As cargo helps New Zealand’s flag-carrier make a comeback, efforts are underway to ensure sufficient airfreight capacity for the country’s key seasonal exports.

In a devastating year for the air industry, Air New Zealand posted its first financial loss in almost two decades and laid off 4,000 staff.

However, with some 80% of New Zealand’s airfreight normally going in bellyholds, a near overnight switch to cargo-only flights has provided a “green shoot” for the the airline, with cargo revenue jumping from 10% of the business to 50%.

Alexander Larsen, global sales manager, said the airline started a charter service 48 hours after being forced to slash its weekly 166 widebody passenger flight schedule to just 12.

“We re-costed our business model to operate passenger aircraft as cargo-only,” he told The Loadstar. “The scale and the pace of change was quite incredible.”

The airline began charter flights on 30 March, between Auckland and Shanghai, providing a lifeline for exporters and bringing back vital PPE. The charters were extended to Hong Kong, Taipei, Australia and North America, flying 256 rotations through to mid June.

During that time, the government introduced the International Airfreight Capacity Scheme (IACS), subsidising cargo flights to the tune of NZ$330m (US$216m),  to ensure international supply chains remained open as freight rates ballooned out of control for many shippers.

“It meant we were able to transition from a cargo-only ad hoc charter model to scheduling services again, which provided some security and reliability in our ability to plan advanced services,” explained Mr Larsen.

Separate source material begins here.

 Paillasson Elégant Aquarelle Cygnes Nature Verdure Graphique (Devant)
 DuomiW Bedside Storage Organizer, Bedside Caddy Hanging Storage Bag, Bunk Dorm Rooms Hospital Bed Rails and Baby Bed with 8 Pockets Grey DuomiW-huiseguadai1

Air New Zealand currently operates 52 of the  country’s 70 IACS services, including to Melbourne, Brisbane, Shanghai, Hong Kong, Narita, Los Angeles, San Francisco and the Pacific islands.

And as Australia launched its own subsidy scheme, Air New Zealand joined up, servicing the Brisbane to Los Angeles tradelane.

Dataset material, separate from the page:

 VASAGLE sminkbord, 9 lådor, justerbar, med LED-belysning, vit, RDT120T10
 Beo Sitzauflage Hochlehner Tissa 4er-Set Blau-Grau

Mr Larsen said the subsidies allowed the airline to reduce rates to somewhere between pre-Covid levels, which allowed access to its cargo-only charters.

Some passengers are now using the scheduled flights, mostly for repatriation, but even on its cargo-only charters Air New Zealand opted not to load cargo on the maindeck.

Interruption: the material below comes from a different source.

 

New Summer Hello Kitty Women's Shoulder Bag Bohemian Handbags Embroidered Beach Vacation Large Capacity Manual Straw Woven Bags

“We decided at the time it wasn’t worth pursuing,” said Mr Larsen. “The profile of New Zealand’s exporters consists largely of dense perishables, so you’re actually not getting a significant weight payload advantage. By removing the seats, you obviously do get a volume advantage, but we can still take 40-45 tons of cargo out on a 789 longhaul to Los Angeles or Shanghai.”

Exports include chilled meats, fish and live lobster into North America and Asia, Mr Larsen noted, while imports included car parts from Japan and electronics and apparel from China and Hong Kong, as well as increasing e-commerce volumes.

“We’ve seen a boom in volumes coming through the mail channels in the last few weeks,” he said, noting that e-com cargo and hi-tech goods were faring “more tolerant” of the marketwide freight rate increases than some of the perishable exports.

Furthermore, as the key exporting season for fresh produce such as capsicum, tomatoes and cherries,gets underway next month, the race is on to ensure there’s sufficient capacity available.

Mr Larsen estimated there was still only 35%-40% of pre-crisis level airfreight capacity in New Zealand, with the harsh uptick in rates pushing a big slice of produce commodities onto containerships.

Nevertheless, he’s optimistic in the mid-term that, as borders re-open and passengers fly again, airfreight’s speed to market advantages will outweigh the marginal higher cost of airfreight over ocean.